• SOURCE MATERIAL:
□ □ □ □ □

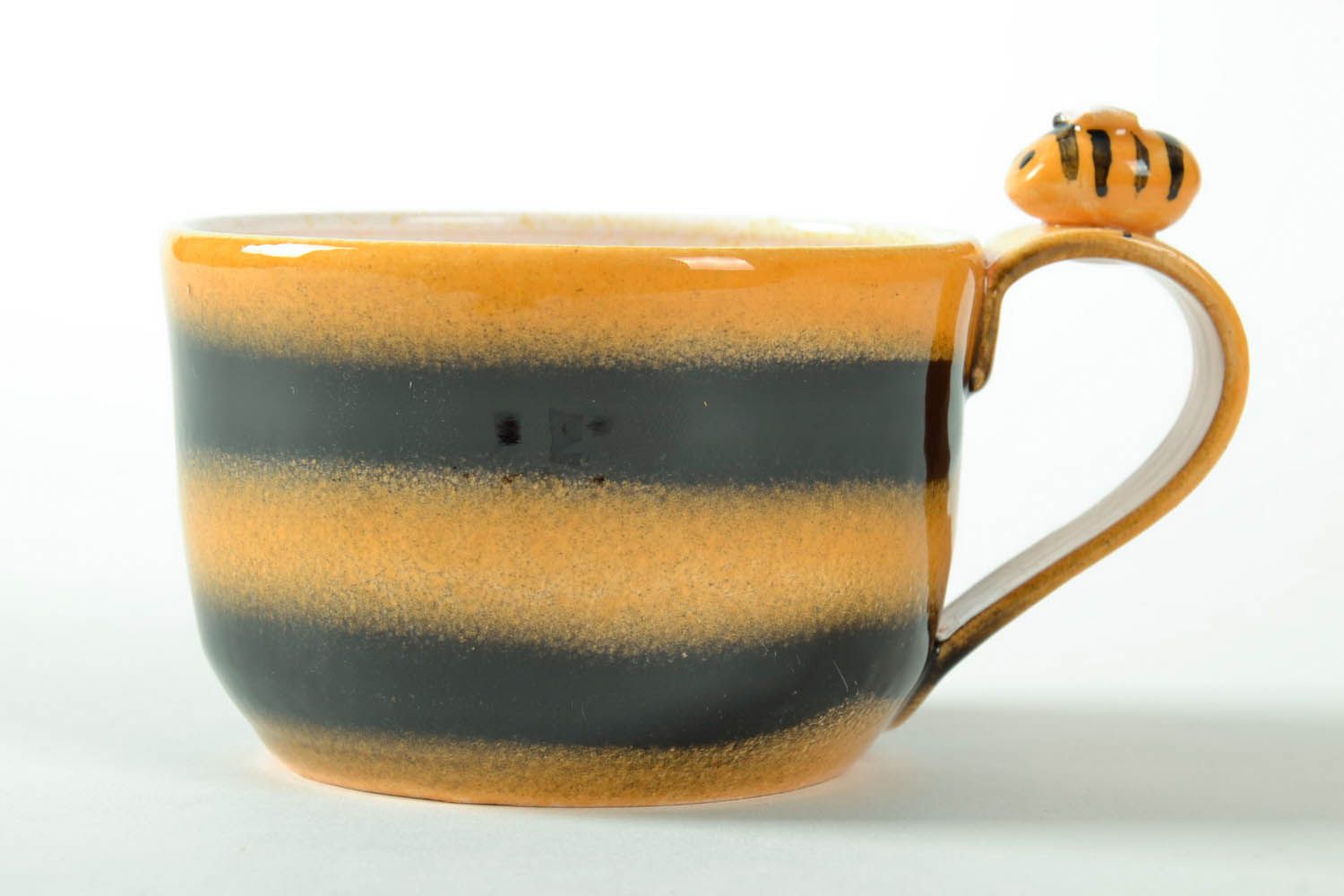 Porcelain art drinking cup in bumblebee colors with handle photo 2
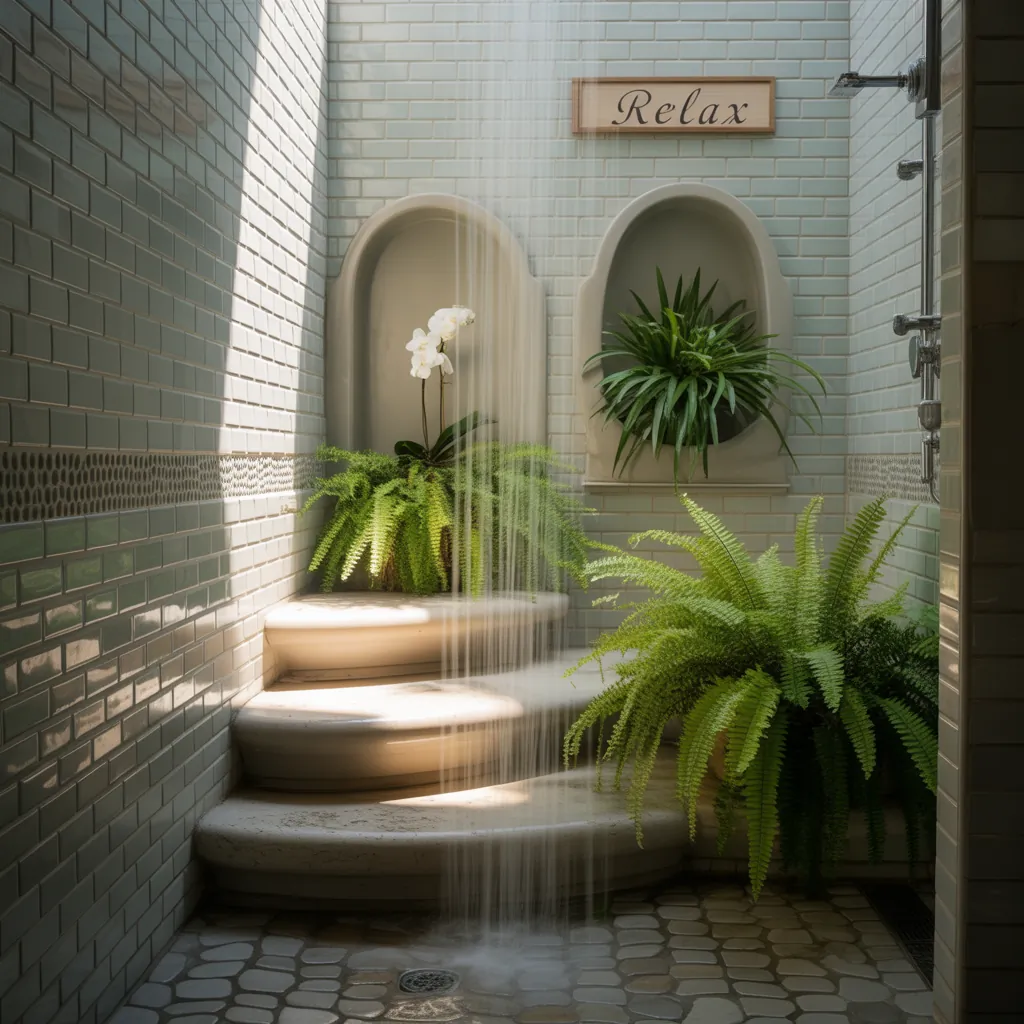 ideas for step down showers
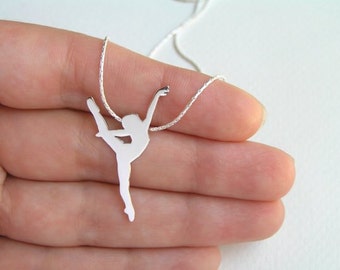 Dancer Necklace Pendant - Ballerina Necklace - Ballet Dancer Silhouette - Ballet Jewelry - Sterling Silver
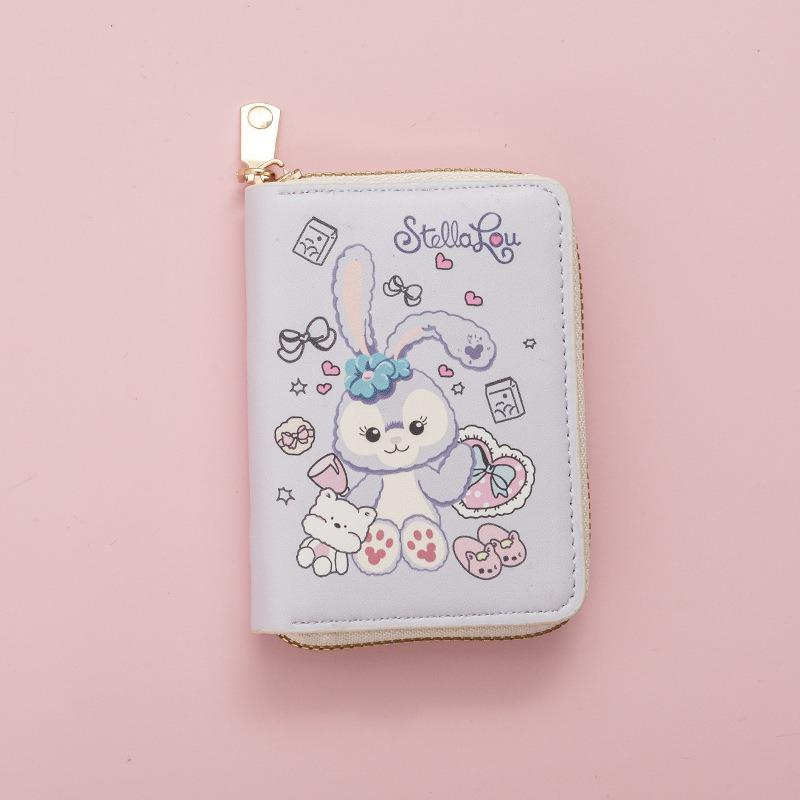 New Fashionable Cute Small Fresh Printed Change Bag Cartoon Animation Male and Female Students Short Zipper Wallet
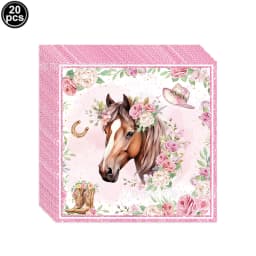 Western Cowgirl Birthday Party Decoration Disposable Tableware Pink Horse Party Plates Cups Horse Balloon Cowboy Party Supplies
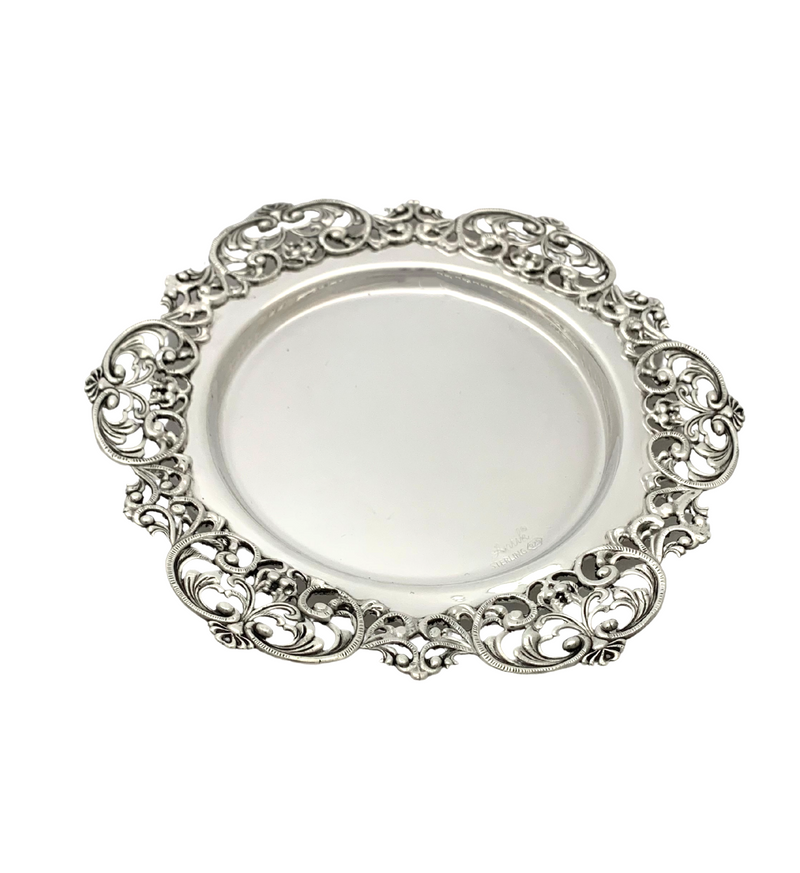925 STERLING SILVER & GLASS INSERT HANDMADE FLUTED OPEN LACE ORNATE CUP & TRAY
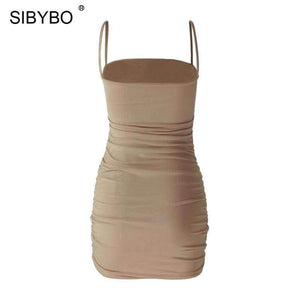Planet Gates Strapless Spaghetti Strap Sexy Bodycon Dress Sleeveless Slash Neck Mini Summer Women Dress Nightclub Party Dress Short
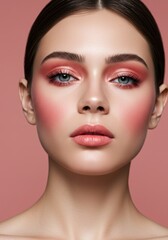 Close Up Portrait of Woman with Pink Glitter Makeup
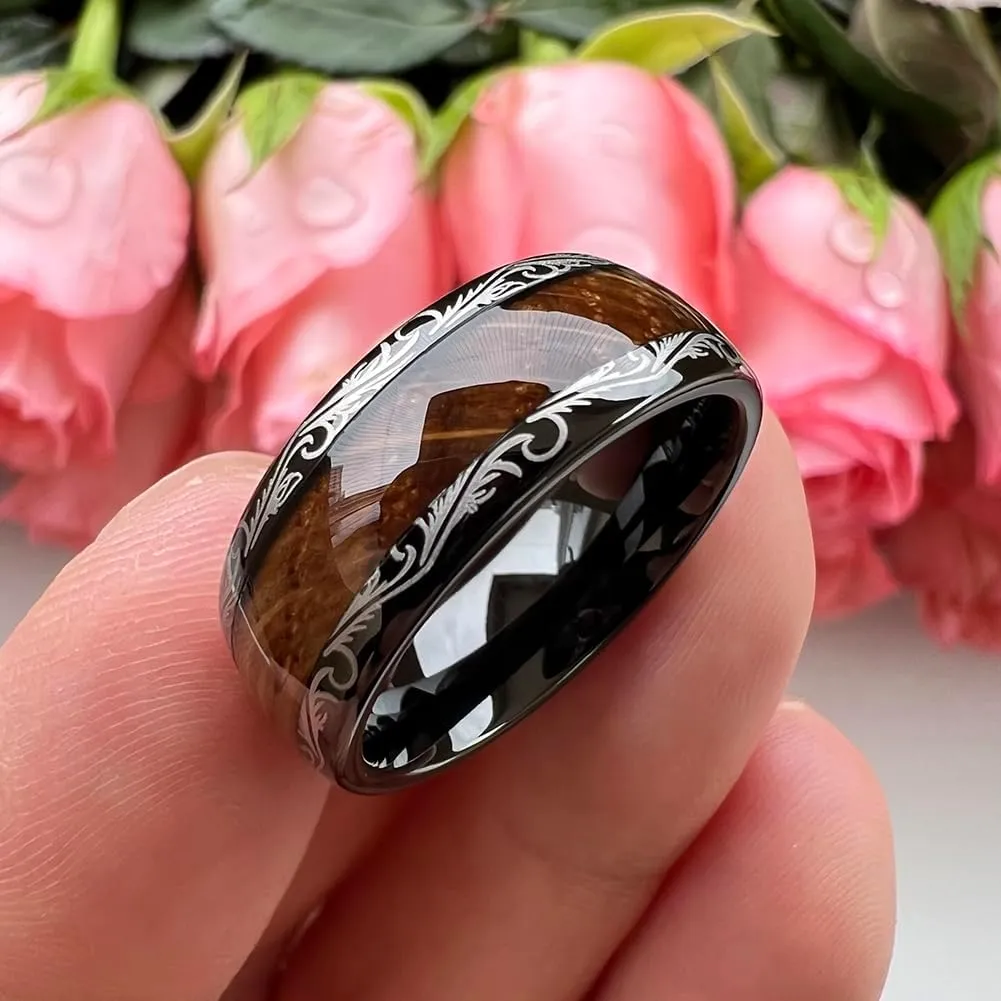 8mm Black Tungsten Rings for Men Women Whiskey Barrel Wood Inlay Vintage Baroque Frame Leaf Engagement Wedding Promise Band Domed Polished Shiny Comfort Fit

□ □ □ □ □

• TASK DESCRIPTION: With the pictures left out, output exactly the lines from the one with "Planet Gates Strapless" through the end of the listing above, both ends included.

• EXERCISE RESULT:
Planet Gates Strapless Spaghetti Strap Sexy Bodycon Dress Sleeveless Slash Neck Mini Summer Women Dress Nightclub Party Dress Short
 Close Up Portrait of Woman with Pink Glitter Makeup
 8mm Black Tungsten Rings for Men Women Whiskey Barrel Wood Inlay Vintage Baroque Frame Leaf Engagement Wedding Promise Band Domed Polished Shiny Comfort Fit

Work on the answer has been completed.